YOUR TASK
All lines in the data bearing the string "Hotel" should be identified and copied.
* * *
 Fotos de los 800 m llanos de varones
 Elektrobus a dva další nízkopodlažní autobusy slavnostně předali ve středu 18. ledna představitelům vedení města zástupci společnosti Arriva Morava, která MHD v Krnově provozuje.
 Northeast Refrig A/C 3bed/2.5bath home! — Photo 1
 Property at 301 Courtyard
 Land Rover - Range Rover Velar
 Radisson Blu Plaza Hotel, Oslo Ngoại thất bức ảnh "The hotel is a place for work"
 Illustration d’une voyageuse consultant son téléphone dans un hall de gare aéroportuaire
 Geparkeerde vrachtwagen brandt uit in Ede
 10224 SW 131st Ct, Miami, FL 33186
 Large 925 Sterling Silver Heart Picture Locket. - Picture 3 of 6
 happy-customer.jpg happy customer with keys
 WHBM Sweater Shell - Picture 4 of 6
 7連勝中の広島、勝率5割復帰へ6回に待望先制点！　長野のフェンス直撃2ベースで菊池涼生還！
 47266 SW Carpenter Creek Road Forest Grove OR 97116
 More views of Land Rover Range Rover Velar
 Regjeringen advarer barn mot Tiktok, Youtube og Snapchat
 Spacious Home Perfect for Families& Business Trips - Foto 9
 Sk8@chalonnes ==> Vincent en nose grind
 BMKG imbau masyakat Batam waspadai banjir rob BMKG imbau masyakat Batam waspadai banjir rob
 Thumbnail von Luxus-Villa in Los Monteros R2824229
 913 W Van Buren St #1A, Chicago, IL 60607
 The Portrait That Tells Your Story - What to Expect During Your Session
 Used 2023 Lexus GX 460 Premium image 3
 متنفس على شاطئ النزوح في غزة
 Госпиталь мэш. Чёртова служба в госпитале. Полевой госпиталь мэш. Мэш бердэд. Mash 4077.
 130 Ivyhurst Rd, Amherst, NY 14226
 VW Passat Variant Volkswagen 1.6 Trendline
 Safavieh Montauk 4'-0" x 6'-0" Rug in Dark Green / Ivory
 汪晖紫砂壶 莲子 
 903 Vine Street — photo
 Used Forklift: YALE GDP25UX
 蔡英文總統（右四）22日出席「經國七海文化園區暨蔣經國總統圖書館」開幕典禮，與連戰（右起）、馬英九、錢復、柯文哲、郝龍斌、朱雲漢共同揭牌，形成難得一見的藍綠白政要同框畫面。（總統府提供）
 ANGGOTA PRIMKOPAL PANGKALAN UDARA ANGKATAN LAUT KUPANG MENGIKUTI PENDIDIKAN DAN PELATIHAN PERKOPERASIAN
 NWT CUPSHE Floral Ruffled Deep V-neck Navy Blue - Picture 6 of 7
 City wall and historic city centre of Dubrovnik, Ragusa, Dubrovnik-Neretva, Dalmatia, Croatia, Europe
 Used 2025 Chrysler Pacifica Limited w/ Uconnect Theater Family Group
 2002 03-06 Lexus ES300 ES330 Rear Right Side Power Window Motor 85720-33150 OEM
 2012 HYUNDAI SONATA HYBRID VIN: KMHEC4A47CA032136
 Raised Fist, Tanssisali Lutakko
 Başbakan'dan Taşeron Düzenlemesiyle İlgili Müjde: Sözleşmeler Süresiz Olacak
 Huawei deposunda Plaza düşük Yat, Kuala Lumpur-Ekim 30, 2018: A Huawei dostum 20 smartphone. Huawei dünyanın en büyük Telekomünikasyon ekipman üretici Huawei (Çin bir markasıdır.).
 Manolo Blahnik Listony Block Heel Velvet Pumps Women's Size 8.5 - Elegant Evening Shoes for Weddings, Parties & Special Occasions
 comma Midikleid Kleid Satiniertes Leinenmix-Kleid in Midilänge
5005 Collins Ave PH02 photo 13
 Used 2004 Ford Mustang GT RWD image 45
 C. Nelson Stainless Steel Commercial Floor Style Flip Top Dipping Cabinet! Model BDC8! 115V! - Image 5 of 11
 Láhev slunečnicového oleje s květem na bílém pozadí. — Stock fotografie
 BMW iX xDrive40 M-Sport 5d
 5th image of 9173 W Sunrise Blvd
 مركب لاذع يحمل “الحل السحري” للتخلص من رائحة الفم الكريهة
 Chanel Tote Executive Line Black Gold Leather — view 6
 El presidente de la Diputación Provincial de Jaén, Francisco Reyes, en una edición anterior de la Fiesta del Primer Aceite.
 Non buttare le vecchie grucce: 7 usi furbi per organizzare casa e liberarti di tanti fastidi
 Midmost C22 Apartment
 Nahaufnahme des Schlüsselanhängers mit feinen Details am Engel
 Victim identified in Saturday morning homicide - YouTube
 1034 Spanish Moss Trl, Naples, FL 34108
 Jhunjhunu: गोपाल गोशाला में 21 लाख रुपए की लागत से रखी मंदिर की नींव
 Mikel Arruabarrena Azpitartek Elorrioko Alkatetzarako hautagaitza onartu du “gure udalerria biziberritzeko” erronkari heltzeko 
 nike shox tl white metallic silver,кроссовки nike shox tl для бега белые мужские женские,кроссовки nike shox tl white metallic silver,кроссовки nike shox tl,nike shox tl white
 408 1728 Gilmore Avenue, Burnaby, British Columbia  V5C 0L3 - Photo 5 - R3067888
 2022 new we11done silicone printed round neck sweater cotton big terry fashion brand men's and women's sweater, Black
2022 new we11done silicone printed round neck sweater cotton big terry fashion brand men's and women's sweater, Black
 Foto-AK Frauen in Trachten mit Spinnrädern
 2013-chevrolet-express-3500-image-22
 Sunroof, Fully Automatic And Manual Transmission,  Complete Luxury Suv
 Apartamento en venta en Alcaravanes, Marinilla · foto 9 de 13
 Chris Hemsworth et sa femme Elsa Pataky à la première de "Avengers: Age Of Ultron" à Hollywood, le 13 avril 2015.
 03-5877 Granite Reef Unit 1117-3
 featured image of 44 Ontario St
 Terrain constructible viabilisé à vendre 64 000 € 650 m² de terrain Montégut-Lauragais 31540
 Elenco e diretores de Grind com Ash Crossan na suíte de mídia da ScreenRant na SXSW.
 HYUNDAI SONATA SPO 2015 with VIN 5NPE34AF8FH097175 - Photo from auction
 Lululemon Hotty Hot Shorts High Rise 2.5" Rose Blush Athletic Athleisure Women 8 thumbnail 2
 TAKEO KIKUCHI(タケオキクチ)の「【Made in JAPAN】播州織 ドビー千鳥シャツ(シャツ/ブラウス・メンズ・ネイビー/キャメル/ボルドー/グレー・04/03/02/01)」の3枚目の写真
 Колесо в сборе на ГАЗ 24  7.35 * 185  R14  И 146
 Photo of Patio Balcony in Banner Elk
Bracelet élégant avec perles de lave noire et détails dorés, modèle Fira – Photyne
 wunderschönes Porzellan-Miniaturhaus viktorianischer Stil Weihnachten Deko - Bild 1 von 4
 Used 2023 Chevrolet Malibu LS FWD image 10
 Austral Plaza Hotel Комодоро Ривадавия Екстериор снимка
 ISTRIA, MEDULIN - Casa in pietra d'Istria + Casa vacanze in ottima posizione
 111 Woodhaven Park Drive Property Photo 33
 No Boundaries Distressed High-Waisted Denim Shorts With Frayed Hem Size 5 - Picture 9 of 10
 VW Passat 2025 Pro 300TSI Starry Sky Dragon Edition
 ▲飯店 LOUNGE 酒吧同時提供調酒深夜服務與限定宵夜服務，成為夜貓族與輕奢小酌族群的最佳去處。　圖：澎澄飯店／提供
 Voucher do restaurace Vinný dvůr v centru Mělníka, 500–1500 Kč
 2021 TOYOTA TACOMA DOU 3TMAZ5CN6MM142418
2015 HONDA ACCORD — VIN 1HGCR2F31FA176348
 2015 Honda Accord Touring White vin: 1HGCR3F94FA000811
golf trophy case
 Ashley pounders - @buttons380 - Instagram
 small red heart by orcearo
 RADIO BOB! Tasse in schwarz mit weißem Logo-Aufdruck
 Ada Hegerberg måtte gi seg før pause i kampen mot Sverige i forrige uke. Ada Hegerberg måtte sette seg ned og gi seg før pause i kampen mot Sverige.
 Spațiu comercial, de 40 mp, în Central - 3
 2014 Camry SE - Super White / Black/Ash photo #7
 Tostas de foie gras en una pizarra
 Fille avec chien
* * *
RESULT
 Radisson Blu Plaza Hotel, Oslo Ngoại thất bức ảnh "The hotel is a place for work"
 Austral Plaza Hotel Комодоро Ривадавия Екстериор снимка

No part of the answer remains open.